Man a hot bath, a jack and coke, and im completly out of it.  If this post was a month from now that could have very well been snow!  I burnt some calories today. 
-Ryan


----------



## elkimmeg (Aug 8, 2006)

That type of excersise will lenghten your drives or  you will be  pulling or duck hooking them
Can't call MSG lazy any more that's a good days work


----------



## MountainStoveGuy (Aug 8, 2006)

If i were to play golf on the morning ofter i would be shanking every shot. Im up, drinking coffie. I cant decide if the headache is due to over doing it, or to much whiskey. Suprisingly, the only sore part is my brain and hands. Every thing esle is ok.


----------



## Mo Heat (Aug 8, 2006)

MountainStoveGuy said:
			
		

> ... Suprisingly, the only sore part is my brain and hands. Every thing esle is ok.



Yeah. After a typical Mo day of splitting (2 - 4 hrs, producing about 1/4, or less, the splits in your pic , I like to say, "My hands are as weak as a baby's". Sometimes I get some god-awful cramps that curl my hands into bird fists.

I'm guessing you got yourself about 1.25 cords, there. On my best day I probably wouldn't do 1/3 of that with my 8 lb maul at sea level splitting red and white oak yard trees. At least, not and be able to wield a frosty one that evening without the help of Mrs. Mo Heat.  Good day's work, indeed.


----------



## Eric Johnson (Aug 8, 2006)

Nice pile of wood, Ryan, BUT it doesn't count until it's stacked.

I don't get cramped hands, Mo, but they do get numb, especially just before I get up in the morning. I suspect that has more to do with using the chainsaw than splitting, however. The same thing happens to most people during long mountain bike rides. Probably a result of gripping the handles too tight.


----------



## MountainStoveGuy (Aug 8, 2006)

I wont go to the trouble of stacking it, i will just tarp the top with a heavy canvas tarp and haul a weeks worth a wood on the deck, every year in the past i have hauled it up to the deck. When i mountain bike my hands go numb.
That pile is a result of about a 9 hour day,  from 8am to 1pm i cut it down, gatherd stuff that was already down, and wheel barreled it up to the fence. The splitting was from about 1:30 -5:30.  i would have rather been bike riding. I wanted to go on a hike today, but over all im feeling a little whipped. What i realy need to be doing is a repeat of yesterday, i just dont feel like it.


----------



## Sandor (Aug 8, 2006)

MountainStoveGuy said:
			
		

> I wont go to the trouble of stacking it, i will just tarp the top with a heavy canvas tarp and haul a weeks worth a wood on the deck, every year in the past i have hauled it up to the deck. When i mountain bike my hands go numb.
> That pile is a result of about a 9 hour day,  from 8am to 1pm i cut it down, gatherd stuff that was already down, and wheel barreled it up to the fence.

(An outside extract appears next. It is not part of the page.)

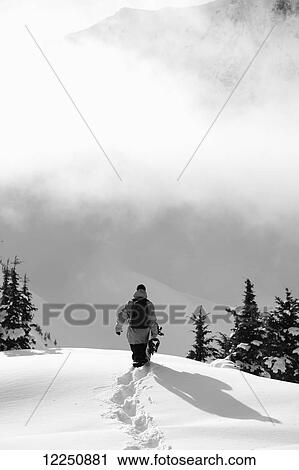 Snowboarder walking through deep snow on a mountain; Haines, Alaska, United States of America View Large Photo Image Stock Image - Snowboarder walking through deep snow on a mountain; Haines, Alaska, United States of America. Fotosearch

The splitting was from about 1:30 -5:30.  i would have rather been bike riding. I wanted to go on a hike today, but over all im feeling a little whipped. What i realy need to be doing is a repeat of yesterday, i just dont feel like it.



'Bout time, slicky boy.

I would be really impressed if you started stacking and splitting for the 07/08 burning season!

Nice job Ryan. You may have done more than I can do in a day. Aren't you like only 34 or something? Wait until your forties, but this kind of work out will keep you young.


----------



## BrotherBart (Aug 8, 2006)

Sandor said:
			
		

> Wait until your forties, but this kind of work out will keep you young.



Wait until you are sixty and look back and see what all that kind of work did to the old bod. It ain't a pretty sight.


----------



## Eric Johnson (Aug 8, 2006)

You run the chainsaw into your leg a few times, BB, and it gets to be a problem no matter how old you are.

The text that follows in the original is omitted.